As explained above, the applicable regulations explain how the Department will determine whether a particular product is included within the scope of an AD/CVD order. First, the Department will examine the descriptions of the merchandise contained in the petition, the initial investigation, and the determinations of the Secretary (including prior scope determinations) and the ITC. Note that, in setting forth the “descriptions of the merchandise contained” in its petition, a petitioner need not “circumscribe the entire universe of articles” that might possibly fall within the order it seeks. Thus, the “absence of a reference to a particular product in the Petition does not necessarily indicate that the product is not subject to an order.” See Nitta Industries Corp. v. United States, 997 F.2d 1459, 1464 (Fed. Cir. 1993) (Nitta). Indeed, as stated previously, section 19 CFR 351.225(a) recognizes that the Department must conduct scope determinations in the first place because the “descriptions of the subject merchandise. . .must be written in general terms.”
Furthermore, a reference to an HTSUS number “is not dispositive” of the scope of an AD/CVD order. See Smith Corona Corp. v. United States, 915 F.2d 683, 687 (Fed. Cir. 1990). Although the regulations state that petitions must contain a “detailed description of the subject merchandise that defines the requested scope of the investigation, including. . . its current U.S. tariff classification number,” (19 CFR 351.202(b)(5)), that regulation does not in turn say that failure to include a particular HTSUS number within a petition means the resulting order will likewise exclude the product that is designated under that particular HTSUS classification number. See Novosteel SA v. United States, 284 F.3d 1261, 1272 (Fed. Cir. 2002) (Novosteel). Therefore, “the inclusion of various HTSUS headings in a petition ordinarily should not be interpreted to exclude merchandise determined to be within the scope of the antidumping or countervailing duty orders but classified under an HTSUS heading not listed in the petition.” See Wirth, 5 F. Supp. 2d at 977-978.

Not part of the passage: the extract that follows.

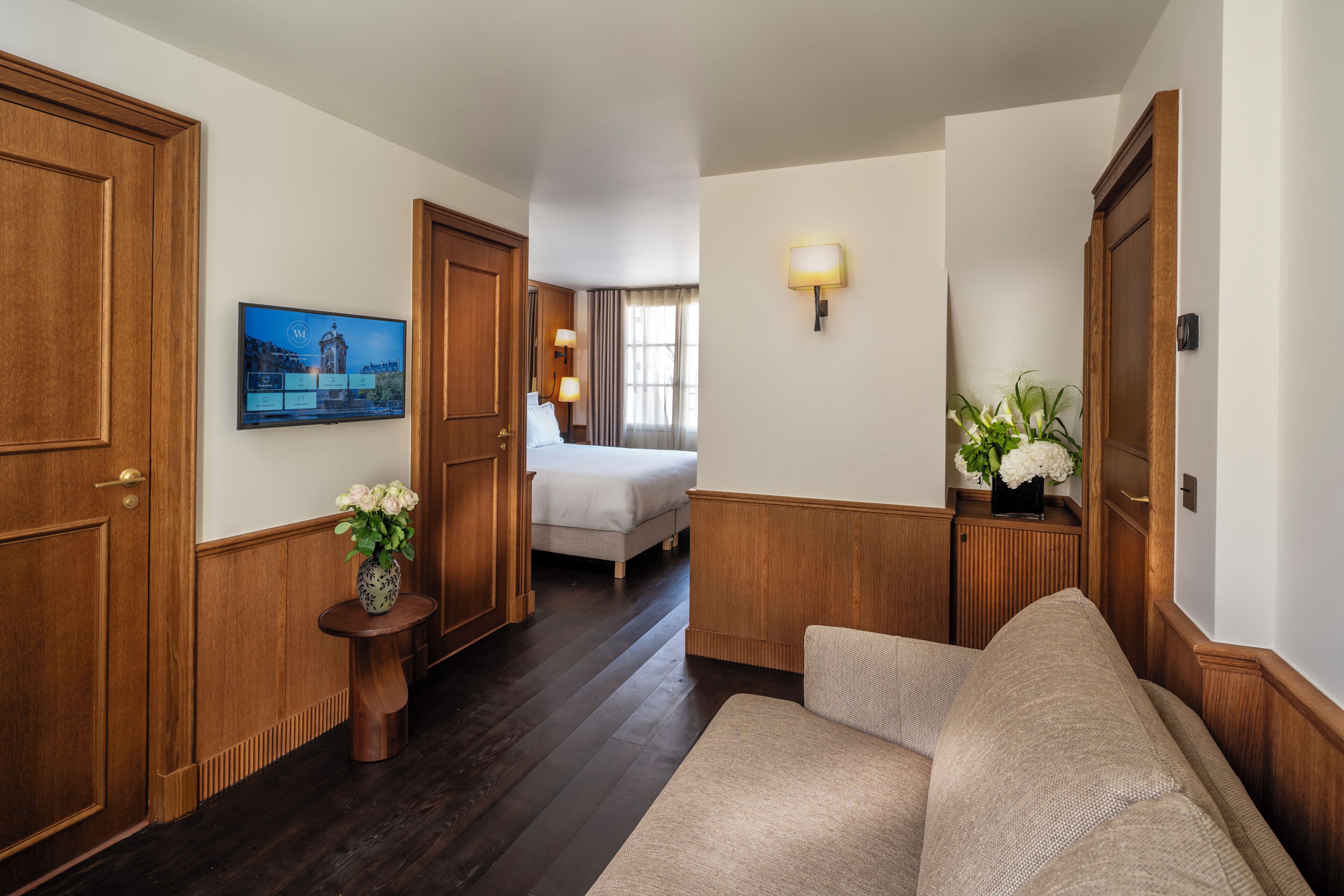 A hotel room with a wooden floor, a sofa, a bed, a small table with a vase, and a wall-mounted TV.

Additionally, the court has stated that the Department’s scope determinations are independent from classification determinations by CBP. “The determinations under the antidumping law may properly result in the creation of classes which do not correspond to classifications found in the tariff schedules or may define or modify a known classification in a manner not contemplated or desired by the Customs Service.” See Royal Business Machines, 507 F. Supp. at 1014. Therefore, although the Department may consider the decisions of CBP, it is not obligated to follow, nor is it bound by, the classification determinations of CBP. See Wirth, 5 F. Supp. 2d at 968.
Moreover, in making a scope determination, the Court of International Trade has held that the Department must either act in accordance with its prior, similar scope determinations or else provide “rational reasons for deviating” from them. See Novosteel, 284 F.3d. at 1272. The Department’s general obligation to follow prior, similar scope determinations, “is premised in part on the fact that the prior decisions are indeed determinations, with formal procedures to ensure reliable results.” See Allegheny Bradford, 342 F. Supp. 2d at 1189.
B. Analysis under 19 CFR 351.225(k)(2)
If the Department finds that the descriptions found in 19 CFR 351.225(k)(1) are dispositive, the regulation instructs the Department to issue a final scope determination based upon these descriptions alone. See Nitta, 997 F. 2d at 1461. However, if determination of whether a product falls within the scope of an order cannot be made using the descriptions in 19 CFR 351.225(k)(1), the Department will further consider: (i) the physical characteristics of the product; (ii) the expectations of the ultimate purchasers; (iii) the ultimate use of the product; (iv) the channels of trade in which the product is sold; and (v) the manner in which the product is advertised and displayed. See 19 CFR 351.225(k)(2). As shorthand, we sometimes refer to these criteria as Diversified Products criteria. See also Diversified Products, 572 F. Supp. 889 and Kyowa Gas Chemical Industry Co., Ltd. v. United States, 582 F. Supp. 887 (CIT 1984).
In evaluating the 19 CFR 351.225(k)(2) criteria, the Department is directed to “determine whether [the contested] product is sufficiently similar [to] merchandise unambiguously within the scope of [the] order as to conclude the two are merchandise of the same class of kind.” See Wirth, 5 F. Supp. 2d at 981. Under these criteria, the Department need only demonstrate that the general physical characteristics of the products under consideration are “sufficiently similar” in order to conclude that the two are of the same class or kind. Id. at 981.
IV. Scope Determinations Based on Circumvention Inquiries
The Department is bound by the “general requirement of defining the scope of AD and CVD orders by the actual language of the orders.” See Duferco, 296 F.3d at 1098. The only exception to this rule occurs in certain situations where orders might be circumvented. See Wheatland Tube Co., v. United States, 161 F.3d 1365, 1370 (Wheatland Tube Co.) (discussing Section 781 of the Act). These situations are addressed by section 781 of the Act.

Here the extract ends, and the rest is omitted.